Press Step or Run All to begin.
Step 07
Complexity Analysis
Time
O(n × m)
Space
O(n × m)
Approach Breakdown
RECURSIVE
O(2ⁿ) time
O(n) space
Pure recursion explores every possible choice at each step. With two choices per state (take or skip), the decision tree has 2ⁿ leaves. The recursion stack uses O(n) space. Many subproblems are recomputed exponentially many times.
DYNAMIC PROGRAMMING
O(n × m) time
O(n × m) space
Each cell in the DP table is computed exactly once from previously solved subproblems. The table dimensions determine both time and space. Look for the state variables — each unique combination of state values is one cell. Often a rolling array can reduce space by one dimension.
Shortcut: Count your DP state dimensions → that’s your time. Can you drop one? That’s your space optimization.
Coach Notes
Common Mistakes
Review these before coding to avoid predictable interview regressions.

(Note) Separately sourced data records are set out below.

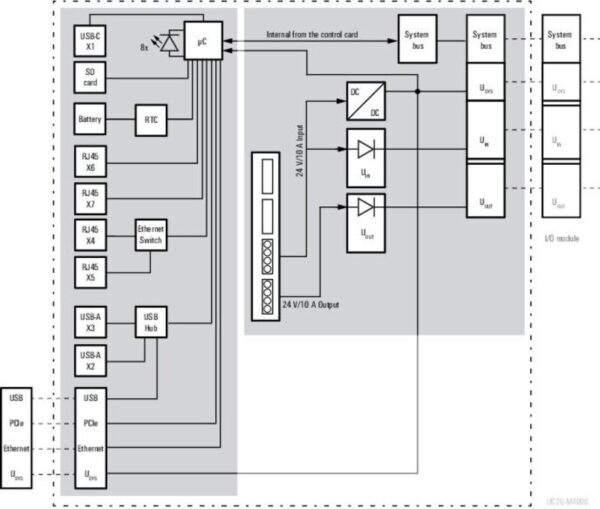 PLS  / Kontroller, UC20-M4000 Kontroller, 4xETH, 16GB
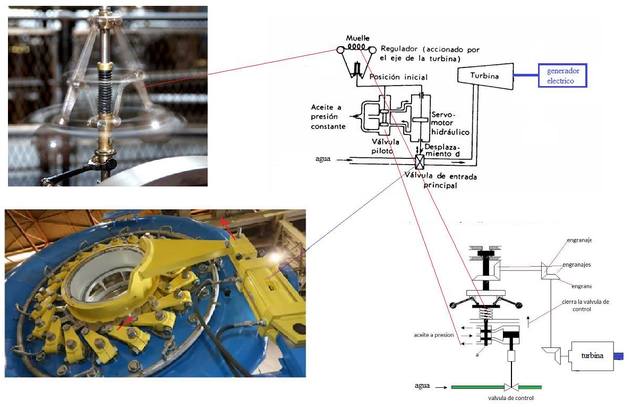 Regulador de velocidad de turbina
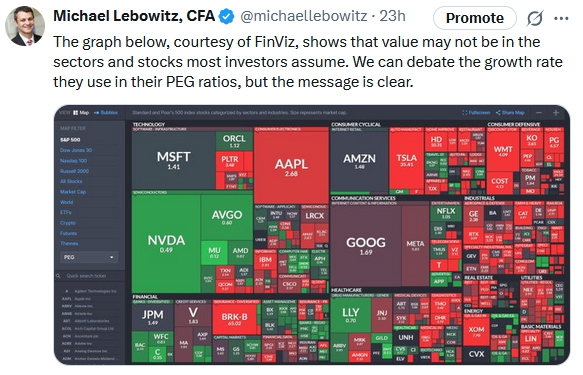 , European Buyers Strike Or Performance Chasing?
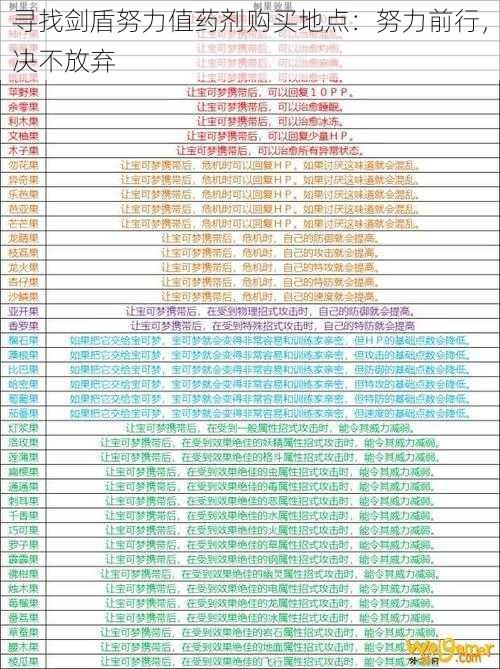 寻找剑盾努力值药剂购买地点：努力前行，决不放弃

State misses one required dimension
Wrong move: An incomplete state merges distinct subproblems and caches incorrect answers.

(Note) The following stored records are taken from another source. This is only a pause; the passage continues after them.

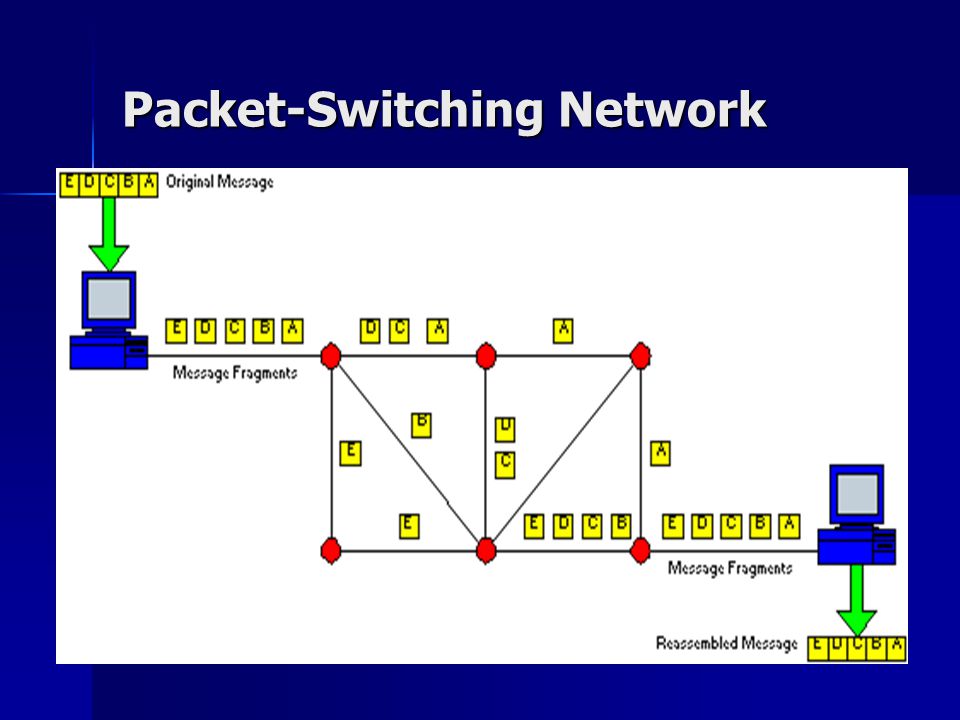 Packet-Switching Network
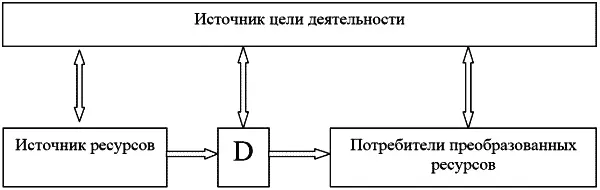 Рис 14 Компоненты внешней среды деятельности Все технологии - фото 4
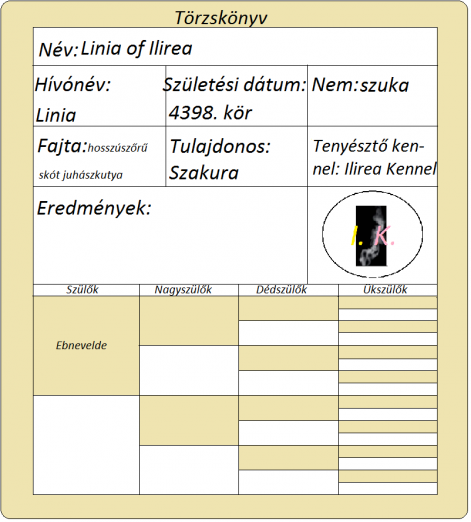 linia_torzskonyve.png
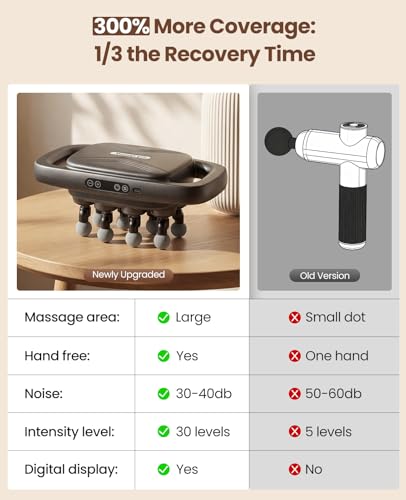 GIATATHA 16 Head Massage Gun Deep Tissue, 15mm Deep Amplitude Percussion Massager, Multi Heads Electric Muscle Massager for Athletes and Large Muscle Groups, 30 Speeds -Fathers Day Dad Gifts — view 2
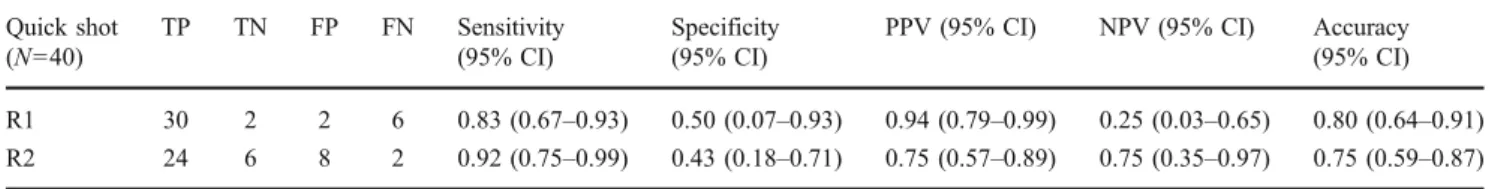 Table 4 Diagnostic accuracy of the quick shot diagnoses regarding articular synovitis and tenosynovitis Quick shot (N=40) TP TN FP FN Sensitivity(95% CI) Specificity(95% CI)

Usually fails on: Correctness breaks on cases that differ only in hidden state.
Fix: Define state so each unique subproblem maps to one DP cell.
Forgetting null/base-case handling
Wrong move: Recursive traversal assumes children always exist.
Usually fails on: Leaf nodes throw errors or create wrong depth/path values.
Fix: Handle null/base cases before recursive transitions.